The Importance of Server-Side Validation over Client-Side Validation
There are two core ways that developers can validate user input in WordPress, either on the client side within a browser upon the submission of data, or on the server after data has been submitted by the user. Ensuring that user input is valid is an important part of an application’s data integrity and security, therefore understanding the difference between client-side and server-side validation is important for developers.
Server-side validation occurs once the data reaches the server and is done within a controlled environment. For example, when filling out a form, input will be sent to the server as the user entered it, without any validation, editing, or modification. Once the server receives the request, it will then check for security issues, ensure that data is formatted correctly, and prepare the submission for inserting or updating to a data source. This is done with code that runs on the server side, and in the case of WordPress, this would be PHP.

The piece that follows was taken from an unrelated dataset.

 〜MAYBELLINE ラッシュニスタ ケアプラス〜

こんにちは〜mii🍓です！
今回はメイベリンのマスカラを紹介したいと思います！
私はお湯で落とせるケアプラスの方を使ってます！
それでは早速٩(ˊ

Never rely solely on client-side validation. Client-side validation is not fool proof. Because client-side validation is performed on a user’s computer within their browser, requests can be intercepted once they’ve left the user’s browser prior to being processed by the server. A browser-based script can strip cross-site scripting tags from the request being sent from the browser, however, an attacker can intercept the request and re-add the scripting tags back in. If there is no server-side validation, these scripting tags will be accepted and used despite the client-side protections in place. Attackers familiar with an application can also programmatically generate requests and form input, bypassing client-side protections altogether in order to interact with a site.

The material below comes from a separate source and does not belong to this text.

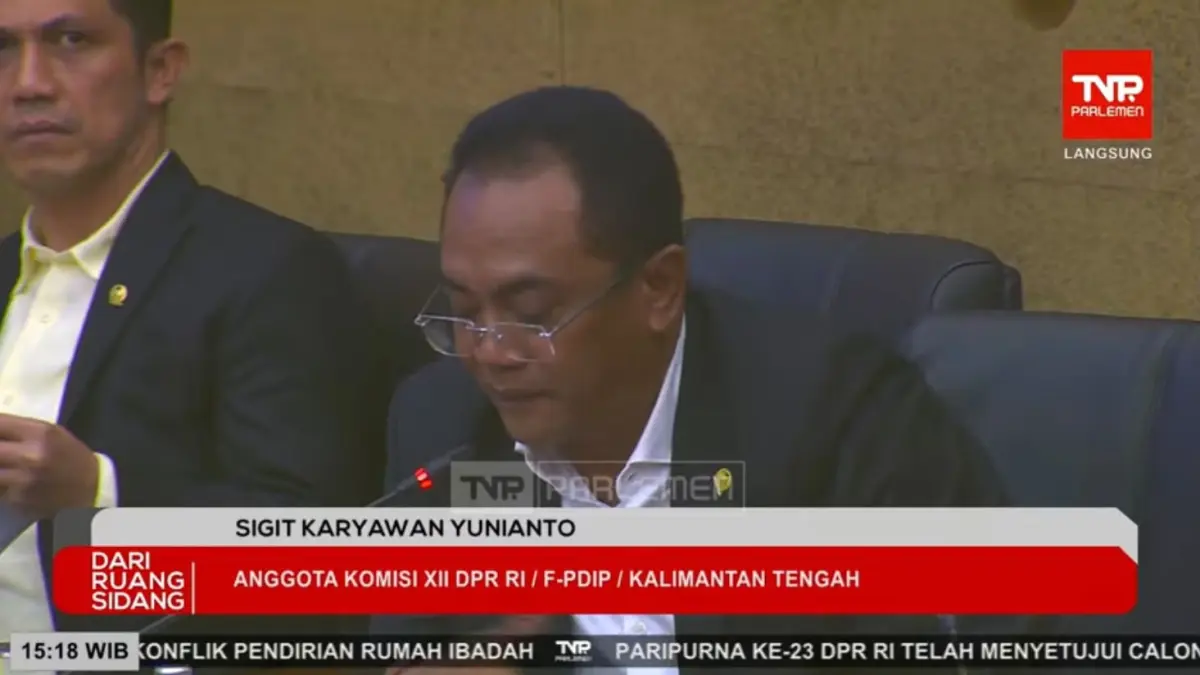 Anggota DPR RI Sigit K Yunianto saat rapat dengan PLN.(YouTube)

For that reason, we recommend always using server-side validation on requests. Client-side validation should be used as a supplement when necessary. This will prevent requests from being altered in transit from the browser to the server and inhibit any bypasses to client-side protections that are in place.
November 19, 2020 – Conclusion of the plugin analysis that led to the discovery of two vulnerabilities in the Orbit Fox by ThemeIsle plugin.
November 19, 2020 – We develop firewall rules to protect Wordfence customers and release them to Wordfence Premium users. We initiate contact with the plugin’s developer.
November 23, 2020 – The plugin’s developer confirms the inbox for handling discussion.
November 24, 2020 – We submit full disclosure.
December 8, 2020 – We follow up as we have not yet received a response from our disclosure.
December 15, 2020 – We send our final follow-up indicating that we will need to escalate the process per our disclosure guidelines if no response is received by December 18th.
December 17, 2020 – We receive a response and a patched version of the plugin is released as version 2.10.3. We verify that the vulnerabilities have been patched.
December 19, 2020 – Free Wordfence users receive firewall rule.
Wordfence Premium users received firewall rules protecting against these vulnerabilities on November 19, 2020, while those still using the free version of Wordfence received the same protection on December 19, 2020.
If you know a friend or colleague who is using this plugin on their site, we highly recommend forwarding this advisory to them to help keep their sites protected as these are critical and high severity vulnerabilities that can lead to full site takeover.